I refer to the article Survey suggests luxuries have become a lifestyle in UAE (January 12). As with many things, what exactly are luxuries depends on whom you ask. For example, are forests considered luxuries in Europe? How about weather that is below 40C? To Europeans the lifestyle in the UAE may seem exotic and filled with luxury. But from an Emirati perspective, we don't have the weather and other natural luxuries that are available in other countries. I consider it a luxury to sit on a train travelling from London to Leeds. I love watching the greenery from the train as it passes through the countryside.
We lack many of the natural luxuries that other nations enjoy, so we try to compensate by building indoor ski slopes and huge shopping malls. But I'm sure every Emirati would tell you we would trade it all for the natural greenery and water resources enjoyed by Europe and the US. On the flip side, Europeans and Americans often see nice cars and shopping malls as luxuries, often taking for granted the natural beauty their countries enjoy. BuAhmed al Hashimi, Abu Dhabi
The newspaper article about luxuries as a lifestyle has stimulated a debate that is less able to be resolved in a place like the UAE than the chicken and egg one. Consider this: you first have a profusion of shopping malls that are more than a dime a dozen, including the largest in the world, right here at your doorstep, flooding you with designer labels of every description. You have to live, breathe, walk and sleep retail, and then you have people telling you that the UAE is a more brand-orientated and shopaholic country than any other.

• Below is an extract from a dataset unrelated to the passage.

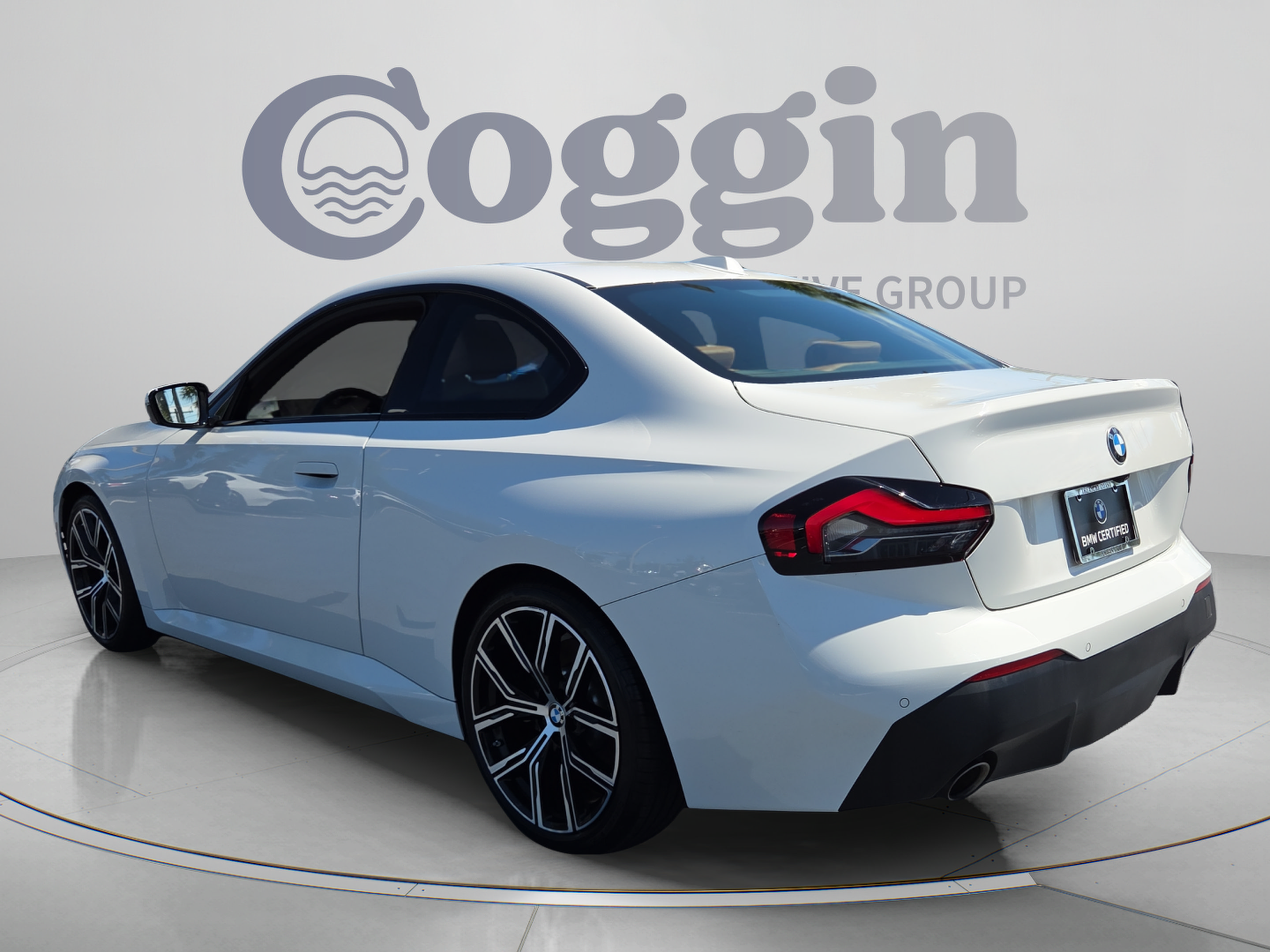 Certified 2023 BMW 230i Coupe w/ Convenience Package RWD image 3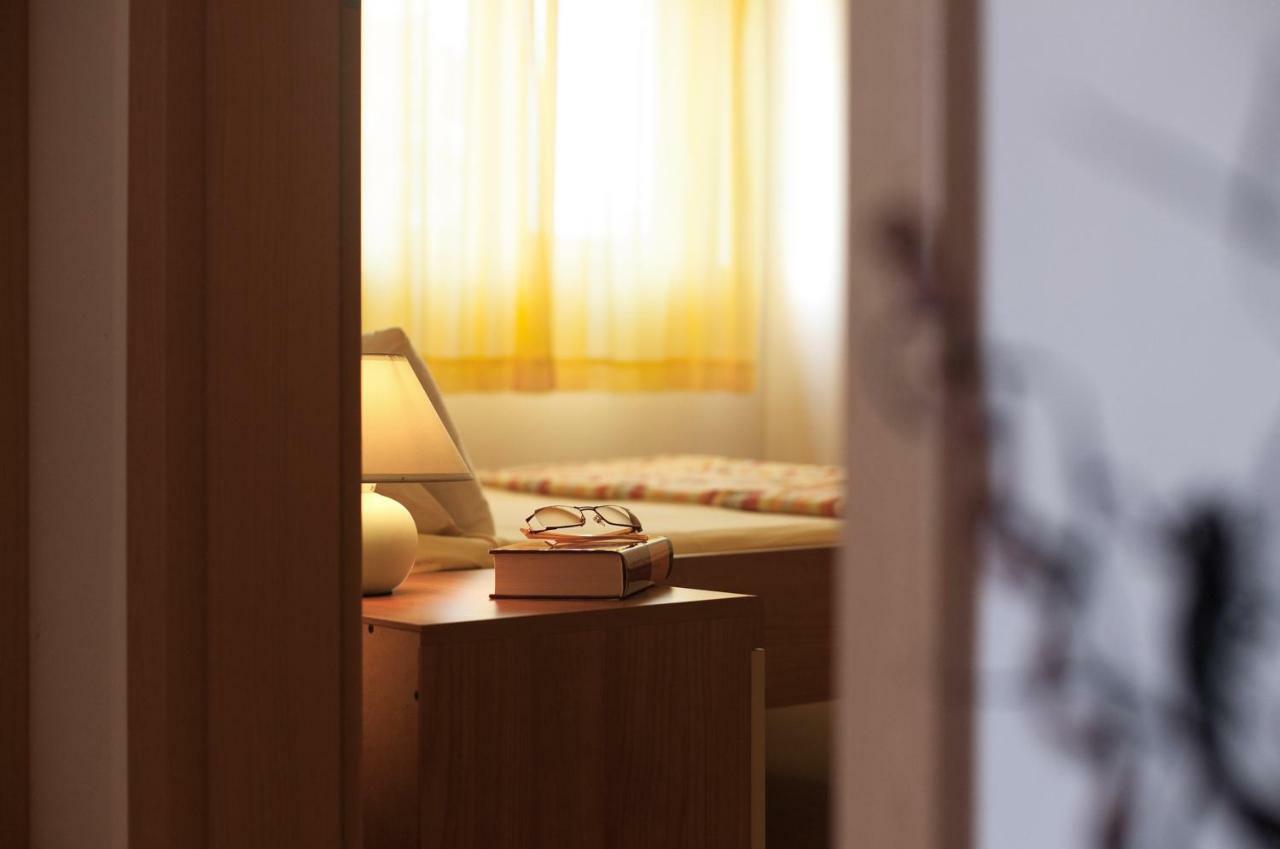 Apartment Helga Ližnjan エクステリア 写真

Unless and until we manage to break with the culture of shopping (we know this is not going to happen any time soon, as it is vital to keep people coming back here for tourism as well as for business), we don't dare question our proclivity as residents to shop till we drop. Escapism? Perhaps, of a sort, but there are all kinds of addictions, aren't there? So, why blame the UAE? We are products of our circumstances - as that famous excuse goes. We live breathe and eat brands, because we are surrounded by them. Put the most level-headed miser in a city like Dubai and see him become a shopaholic in six months. Anupama Chand, Dubai
Jihad Hashim Brown in his opinion article Is Muslim fraternity even possible? (January 9) explains that Islam teaches a fraternity of believers and the just treatment of all Muslims as brethren. He advises us that one has certain obligations toward fellow believers. Unfortunately, this truth is often misinterpreted as justifying the exclusion and mistreatment of unbelievers, resulting in what we have observed this month in Egypt and Malaysia.
Both Muslims and Christians have taken to defending and avenging their own brethren while taking violent action against one another on the basis of religion. Those involved in the violence may have forgotten another principle of their faiths, the teachings of Jesus Christ and the Prophet Mohammed. Jesus preached the brotherhood of all men by telling us to love not only our neighbours, but also those who have abused and mistreated us. He taught us to value others by treating them the same way we want to be treated. In other words, a believer has certain obligations toward everyone. Islam teaches: "No one of you is a believer until he desires for his brother that which he desires for himself." A believer only wishes for his fellow man what he wishes for himself. By doing so, he is submitting to the will of God.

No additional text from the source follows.